Missing quartile in boxplot Currently I am creating a box plot. I am new on the field of statistics and especially box plots. Find the picture following: 
On the y-axis find the number of messages. I have problems understanding what I see there. The plot is created by Matlab automatically. As I know there should be four quartile in a box plot. I see there only three. Probably this happened because of the value of the median (it is the green line). But I do not know what this means if a quartile is missing. Is somebody around here who can may be explain this and tell me some details, what you can read out of the plot?
 A: The "box" in a boxplot extends from the first to the third quartile, i.e., from the 25th to the 75th percentile. Visually, this means that your 25th percentile is around 6 messages, and your 75th percentile around 8.

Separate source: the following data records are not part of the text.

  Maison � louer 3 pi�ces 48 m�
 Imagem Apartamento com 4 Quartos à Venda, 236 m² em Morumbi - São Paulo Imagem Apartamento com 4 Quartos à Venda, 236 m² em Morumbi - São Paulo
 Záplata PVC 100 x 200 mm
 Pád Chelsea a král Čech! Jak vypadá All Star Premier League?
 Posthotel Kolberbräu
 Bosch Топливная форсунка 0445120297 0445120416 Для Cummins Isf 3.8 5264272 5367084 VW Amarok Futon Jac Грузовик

In addition, boxplots indicate the median (i.e., the second quartile, or 50th percentile) using a horizontal line.
Of course, the median can coincide with a quartile. Good implementations therefore use a different color or line type for the median line. In the present case, we see that the bottom horizontal line is green. It is obviously plotted over the first quartile line. Thus, this is not only the first quartile, but simultaneously the median. Therefore, your median is also about 6.

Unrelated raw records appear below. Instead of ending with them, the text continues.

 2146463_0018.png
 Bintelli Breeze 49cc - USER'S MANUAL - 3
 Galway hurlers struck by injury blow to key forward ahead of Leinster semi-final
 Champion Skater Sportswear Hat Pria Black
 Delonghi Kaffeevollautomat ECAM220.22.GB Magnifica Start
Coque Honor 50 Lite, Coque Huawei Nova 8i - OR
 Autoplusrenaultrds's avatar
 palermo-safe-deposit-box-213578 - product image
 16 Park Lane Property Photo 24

You should be able to verify this from your data, by calculating the quartiles and the median.
A: The median is probably identical to the first quartile, which is why they overlap. This tends to happen when you have a large proportion of identical, low values in the dataset. Here's an example that reproduces this pattern: 
dat <- c(1,2,2,2,3,5,6)

median(dat)
## 2
quantile(dat, 0.25)
## 25% 
##  2 

boxplot(dat)


You can read a basic introduction about how to interpret boxplots here. Though as Nick Cox points out below, its discussion of what are called 'outliers' is flawed and should be ignored. Outliers should not be deleted unless there is very strong reason to, such as a clear data recording error. 
Note also that a boxplot is not a great way to display many datasets. I agree with Stephan Kolassa's recommendation of a beeswarm plot for small datasets and a violin plot/kernel density plot for larger ones.